De vroede vaderen zaten met de handen in het haar. Niet dat er geen voorstellen aangedragen werden, doch het ene was al uitzinniger dan het andere.

Ik zou aan dit fait divers verder geen aandacht geschonken hebben ware het niet dat ik deze gekke toestand aan mijn vriend Guido verteld had. Hij is een man met veel interesses, waaronder het vrouwelijk schoon een belangrijke plaats inneemt. Hopeloze gevallen zoals voorgaande trekken zijn bijzondere aandacht en een notenbalk diepe rimpels in zijn voorhoofd verried dat zijn hersenspier in volle werking was. Peinzend verliet hij mijn huis, vervuld van de grootste twijfels staarde ik hem na.

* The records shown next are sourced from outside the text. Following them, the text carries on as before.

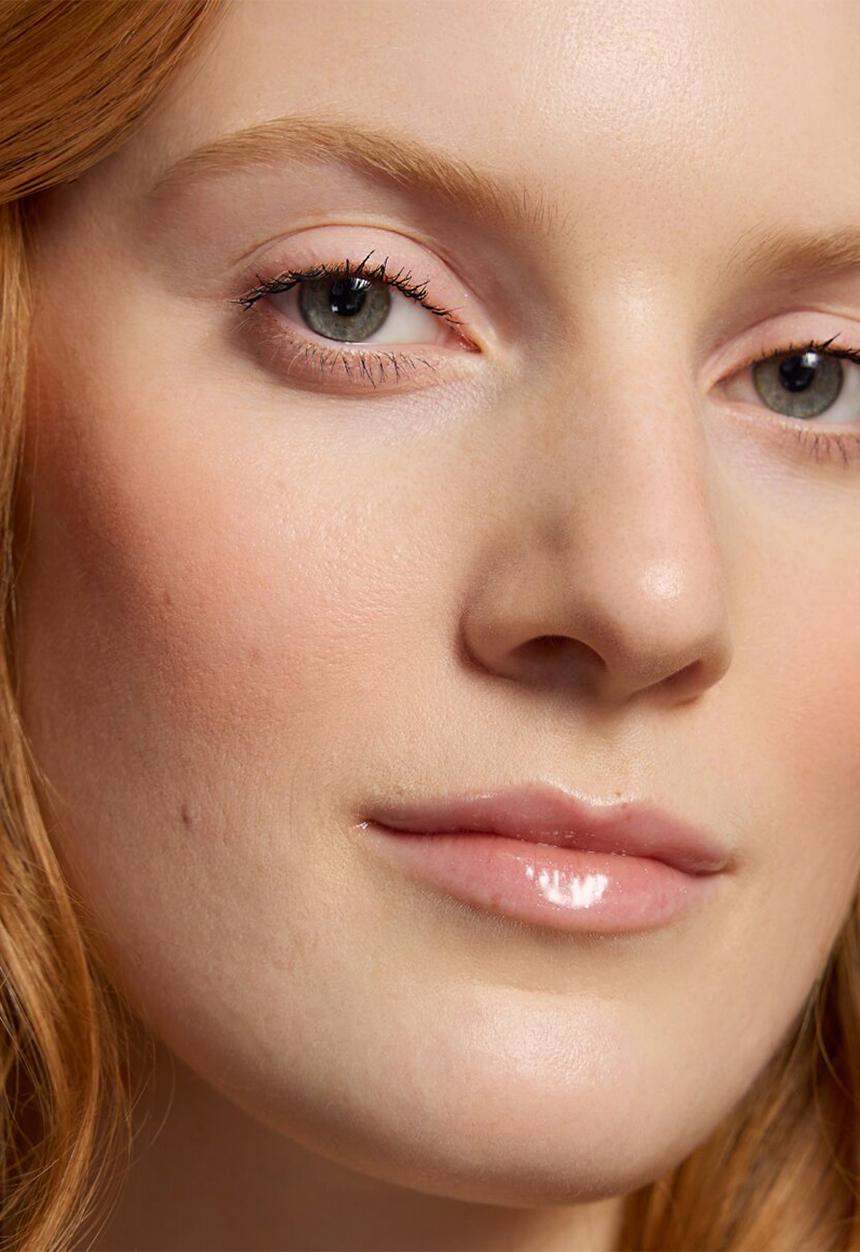 Catrice - Glossin' Glow Tinted Lip Oil 060 - Party Crasher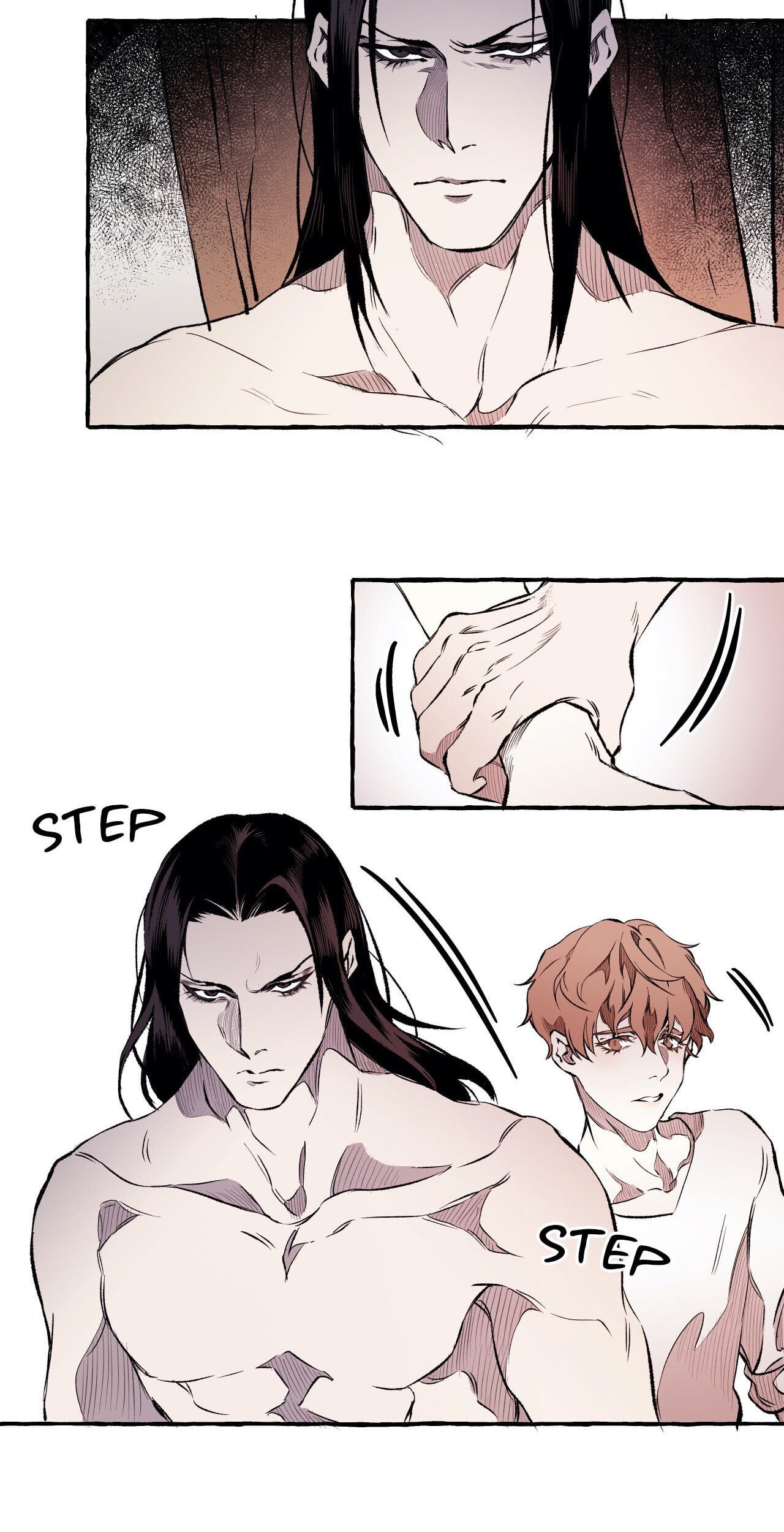 DISPAR Chapter 12 page 21 - 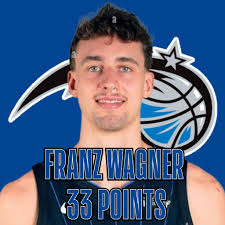 NBA Regular Season 2024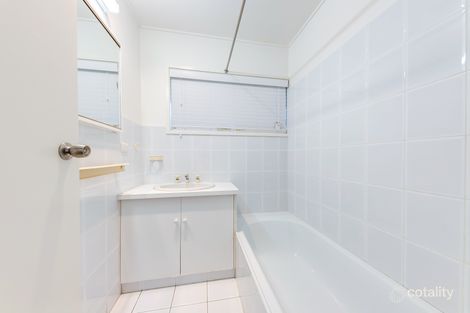 Property photo of 12 Golf Street Buderim QLD 4556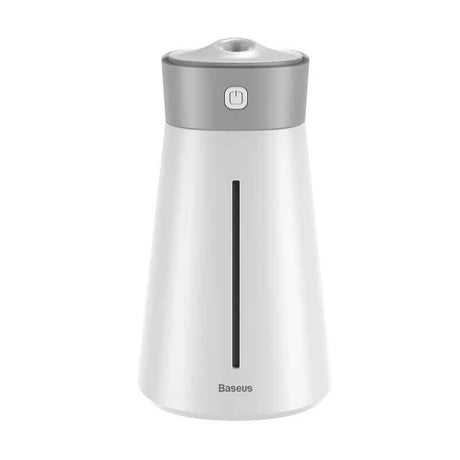 Difuzér Baseus Home Slim - Bílý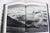 Textile Ansel Adams California Hard Cover Book Photographs and Classic California Writings by Famous Authors 1997 For Sale - Image 7 of 8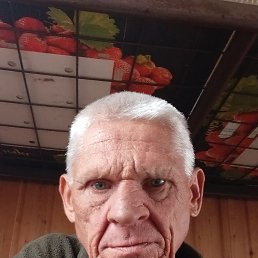 , 59 , 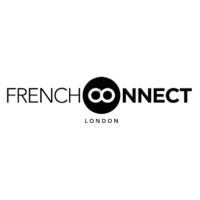 FrenchConnect London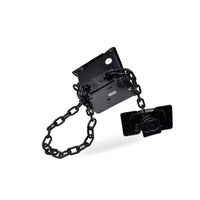 Spare Tire Carrier Suitable for Mitsubishi Challenger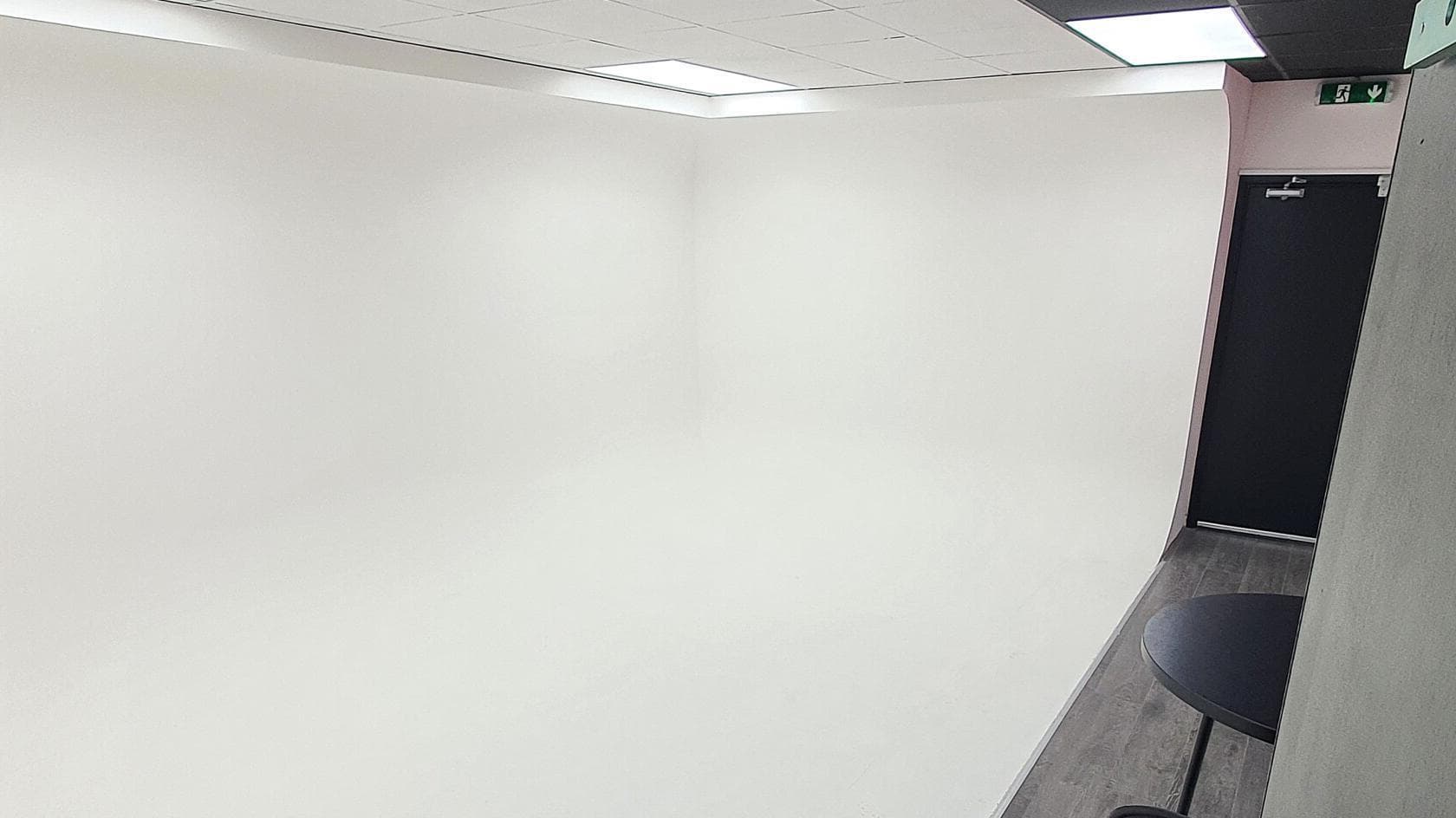White Cove Studio Dry Hire, Revere Studios photo #2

Uitgerekend een etmaal later rinkelde de telefoon. Ik nam de hoorn van de haak en hoorde aan de andere kant van de draad het sinds lang vergeten lied “Juicht Belgen juicht in bredevol akkoorden, van aan de Maas tot aan het Noordzeestrand” weerklinken.

“Het is niet waar!” riep ik “dit kan niet, jij hebt het niet gevonden!”

“Toch wel,” klonk het opgewekt “loof mij met snaartuig en schalmei! Loof mij met welklinkende cimbels, met cimbels vol vreugdegeschal!”

Weldra zat mijn vriend bij me met een korte levensschets van Francis Galton in de hand. Francis, geboren 16 februari 1822 nabij Birmingham, en de ontdekker van de vingerafdruk als systeem om booswichten te vatten, werd honderd jaar geleden met hetzelfde probleem geconfronteerd als de vaderen van Manatee. Hij maakte er op dat ogenblik een studie over de uitzonderlijke omvang van het zitvlak der Hottentotvrouwen. Om de metingen uit te voeren, moest hij zowel omzichtig als tactvol te werk gaan. Voor een gentleman van zijn kaliber was dat een koud kunstje. Hij nam zijn sextant ter hand, deed op 100 passen de nodige metingen, zette de resultaten om in driehoeksmeetkunde en logaritmen en schreef vervolgens een belangwekkend artikel over dit merkwaardig verschijnsel.

“Door het resultaat te delen door drie kan er ofwel een vrijspraak of een veroordeling bij snelprocedure volgen”, zei Guido.

Ik beklaagde de arme strandwachters die terug naar de schoolbanken moesten om er, niet met badpakken maar met meetkunde in de ruimte te worstelen.